Steinernes Zeichen der Macht

Seit Stunden hing das Dämmerlicht über den Marschen von Korr. Nebel zogen durch die Sümpfe und Moore und hüllten das Land in düstere Farblosigkeit. Hinter den Dunstschleiern schwamm bereits der Vollmond am Himmel, bleich und wässrig im nieselnden Regen.
Wegen der dichten Nebelschwaden entdeckten ihn die Späher der Moorelfen nicht, bis er unmittelbar an den Grenzen ihres Dorfes angekommen war. Die dumpfen Rufe ihrer Hörner hallten über die Dächer der Hütten hinweg, die geduckt und zusammengedrängt wie ängstliche Kinder im grauen Land hockten. Doch es gab keinen Grund zur Beunruhigung, denn der Fremde, der aus dem Moor geschritten kam, hob die Hände zum Zeichen des Friedens.

- aus dem Prolog



Der Anschein trügt, denn diese Hände werden bald darauf die Steinkrone der Moorelfen an sich reißen und damit die Macht über dieses Volk erlangen – mehr als nur das. Die Ereignisse, die er lostritt, werden die Leben vieler prägen, miteinander verknüpfen, ob wissentlich oder unwissentlich. Das junge Diebespärchen Scapa und Arane in Kesselstadt, die Halbelfe Nill aus den Dörfern der Hykaden, die Freien Elfen Kaveh, Erijel, Arjas und Mareju, die aus den Dunklen Wäldern stammen – für sie alle bedeutet das Schicksal der Krone auch ihr eigenes. Und niemand ahnt etwas von dem Ausgang der Ereignisse ...

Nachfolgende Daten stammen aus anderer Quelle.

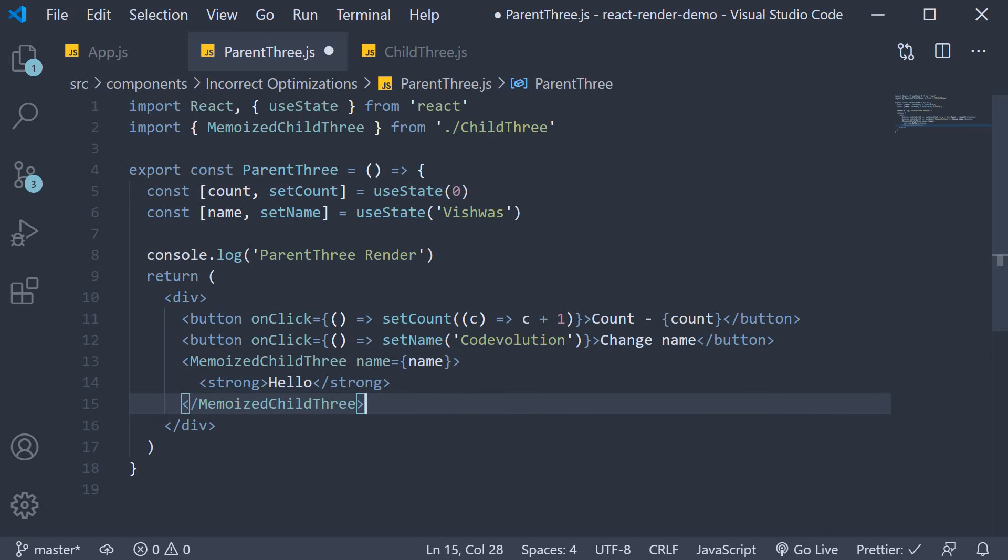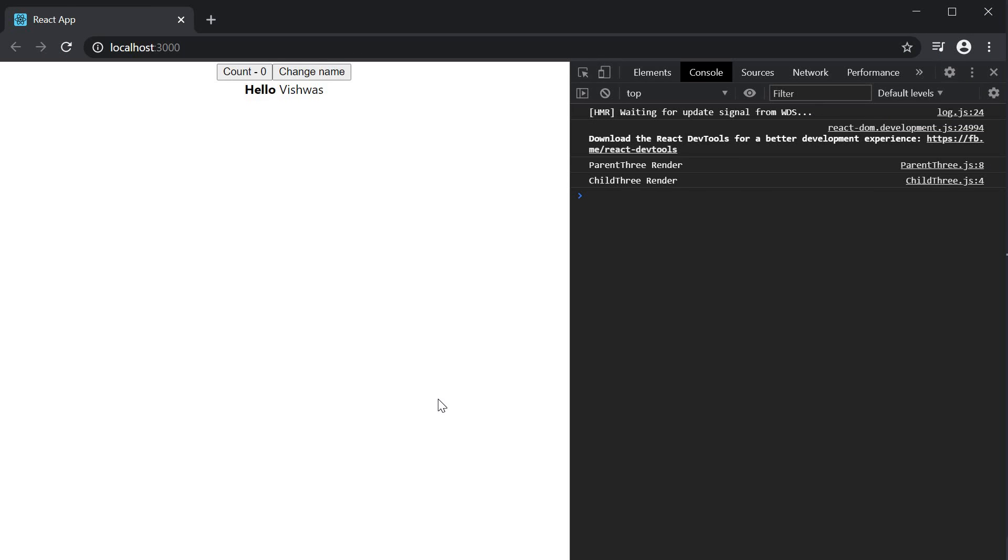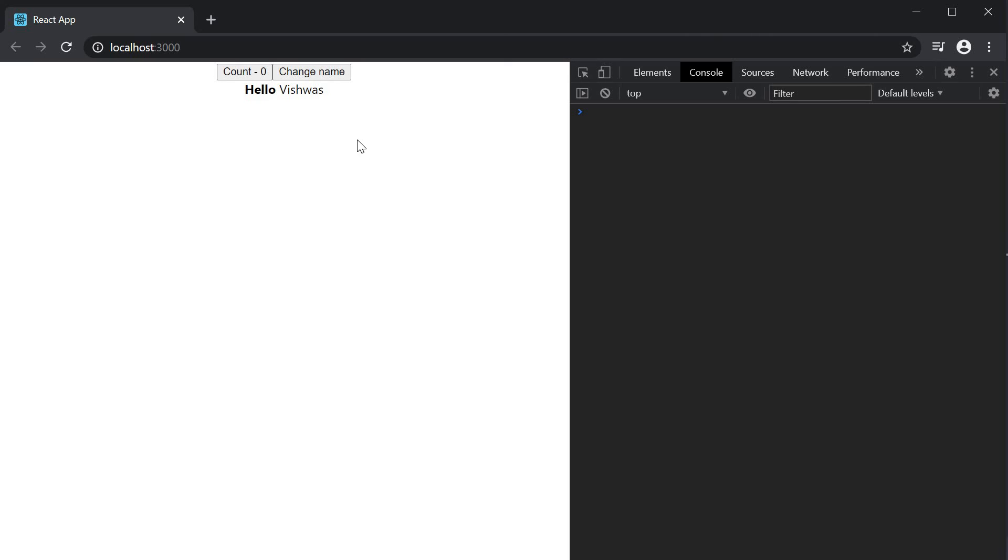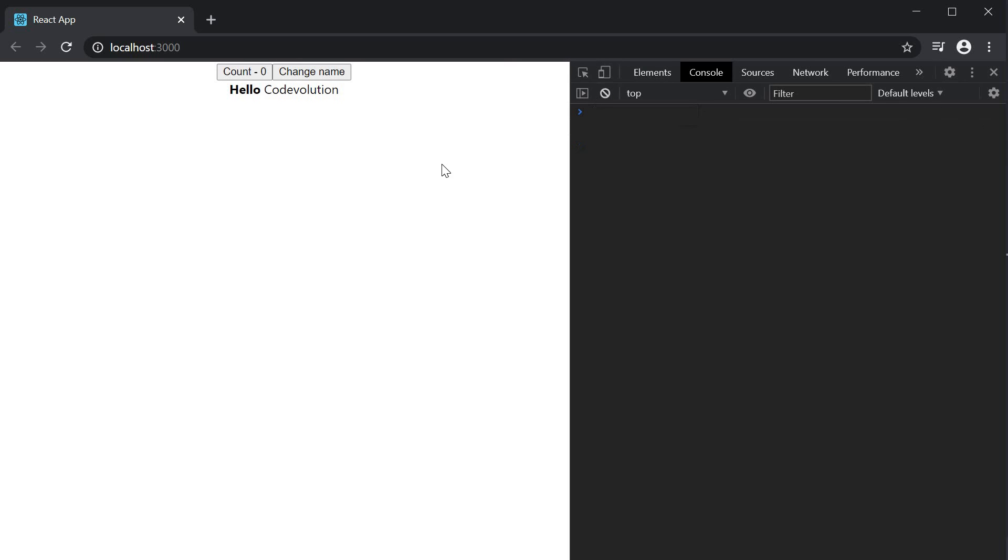Let's save the file, head to the browser, and now observe the memoization behavior. I'm going to clear the console and click on change name and both components re-render. I'm going to clear the console again and click on the count button.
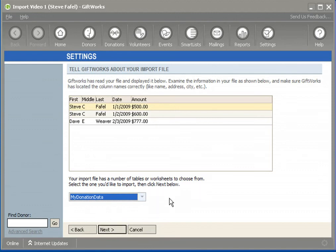For all three file types — whether Excel, Access, or a text file — once you click Next, the import process will be identical regardless of which file format you chose. In the next video, we're going to be talking about choosing some options around your import. Be sure to watch that one, and thank you for watching this video.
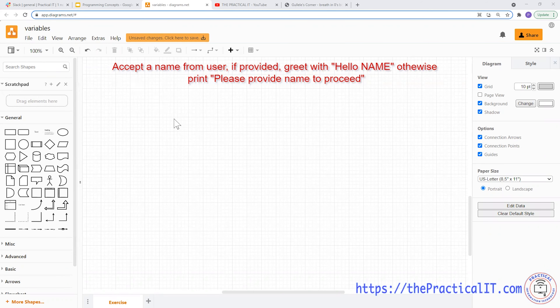Welcome back everyone. On the previous video we covered how to use the if-case. On this one we're going to look at an example that solidifies those concepts. The whole idea is how do we handle a condition in programming — how do we check a condition and based on the output proceed, not proceed, or proceed with a different scenario.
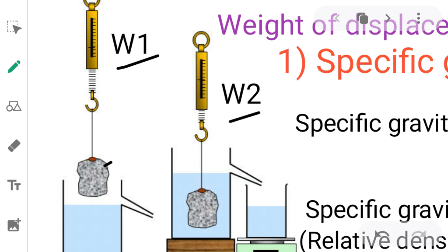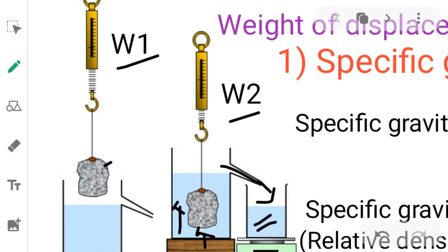When the body is immersed in the liquid, it displaces water into another small jar. The weight of that displaced water is equal to the upward thrust — the upward force experienced by the body in the liquid. So the weight of liquid displaced by the body on immersing into a liquid is equal to the upward thrust.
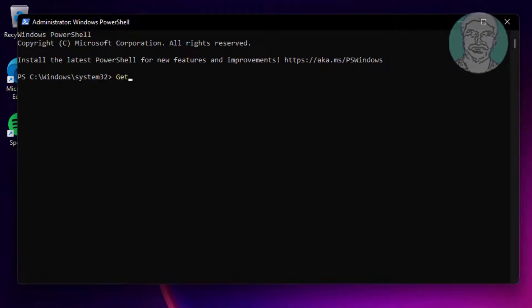Type Get-AppxPackage, then select Name and PackageFullName to list all installed apps.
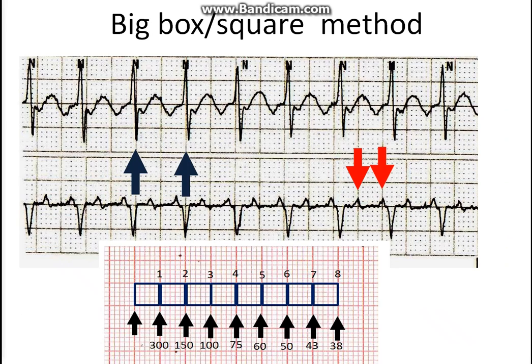So we will bring in our big box and check the rate. The ventricular rate is about 150 beats per minute and the atrial rate is about 300 beats per minute.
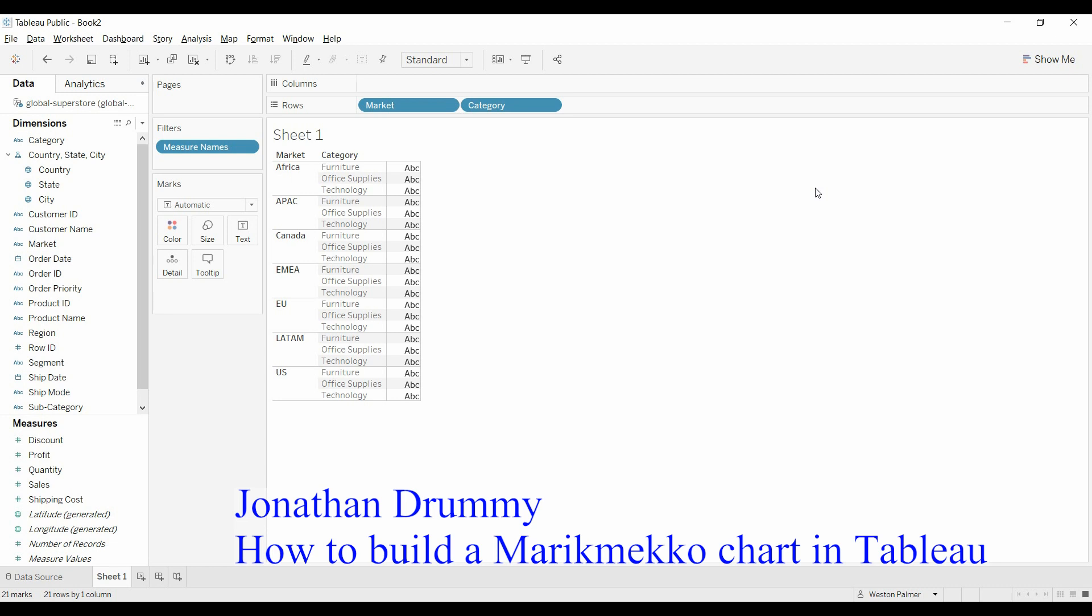Welcome to another Tableau tutorial video. Today I'm going to show you how to make a Marimekko or Meko chart.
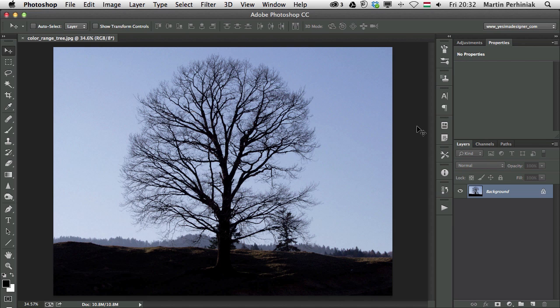Let me show you what's the main difference. Before this feature, this is how the Color Range, Highlights, Midtones and Shadows feature was working.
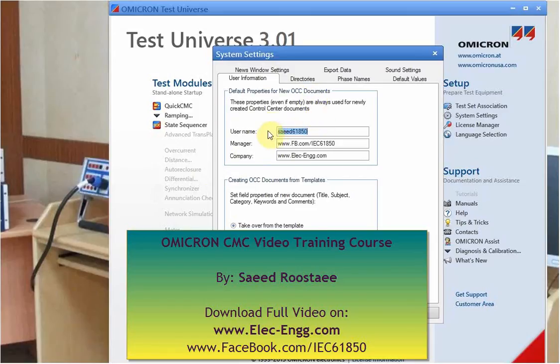In user information, you can enter your username, manager, and company.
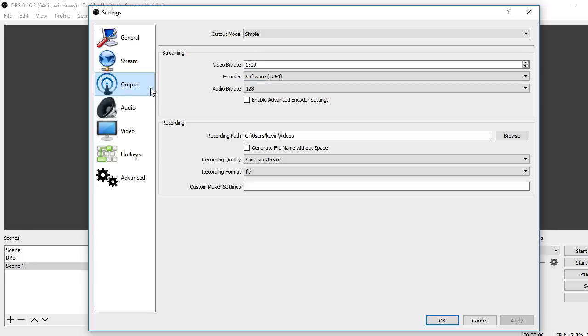Then you want to go into output, and I found that my video bit rate anywhere from 1500 to 2000 is perfect. Anything above 2000 for me tends to drop frames and cause my stream to lag really bad.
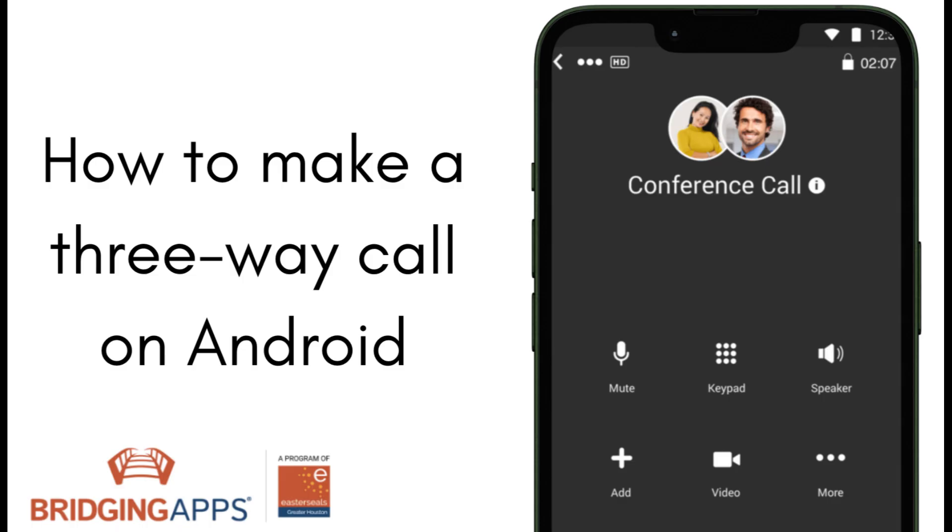This is a feature called three-way calling and it's incredibly useful when making plans with more than one person or when multiple caregivers need to give updates to each other about the person that they are caring for.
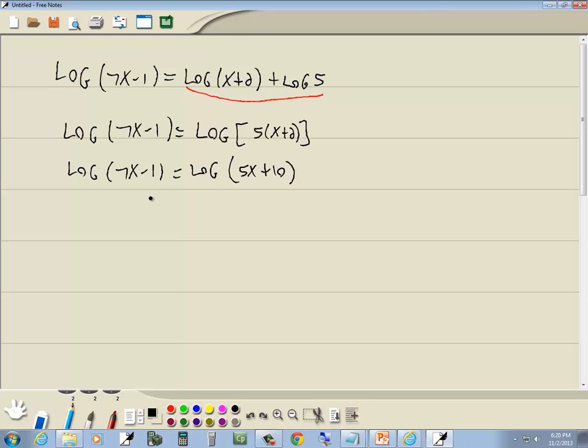And now we've got a single log on both sides. So we drop the log part. And so we'll have 7x - 1 equals 5x + 10. And then we solve it like normal. This is a linear equation, so we'll go through those steps.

Leuchtende Farben, Gerüche, Details

So blass und trübe der Prolog in den Marschen von Korr beginnt, so schnell führt schon das erste Kapitel die Leser tief in die engen Gassen von Kesselstadt, in ein Gewirr aus Buntheit und Leben – derart schillernd geschildert, dass man vermeint, selbst die staubige Luft zu atmen. Und dieses vielversprechende Atmosphäregewebe bleibt erhalten: Nahezu durchgehend gelingt es der Autorin, das Geschehen so zu beschreiben, dass man sich inmitten einer Bilderflut wiederfindet, die voller liebevoll gestalteter Details steckt. Davon profitiert nicht nur die geschaffene Welt mit ihren Schauplätzen und Kulturen, sondern auch die Protagonisten: „Arane lächelte. Es war ein zufriedenes Lächeln, das sich immer nur dann zeigte, wenn sie ihren Kopf leicht nach unten neigte. Beinahe schien es, als berge dieses Lächeln ein Geheimnis, das ganz zu zeigen sie nicht wagte.“ Solche kleinen Eigenheiten in Aussehen und Verhalten lassen sie zum Leben erwachen und den Leser mit ihnen allen mitfiebern, ganz gleich, auf welcher Seite sie zu stehen scheinen.
Vereinzelte kurze Passagen, die diese visuelle Kraft nicht aufrechterhalten, sind da schnell vergeben und vergessen.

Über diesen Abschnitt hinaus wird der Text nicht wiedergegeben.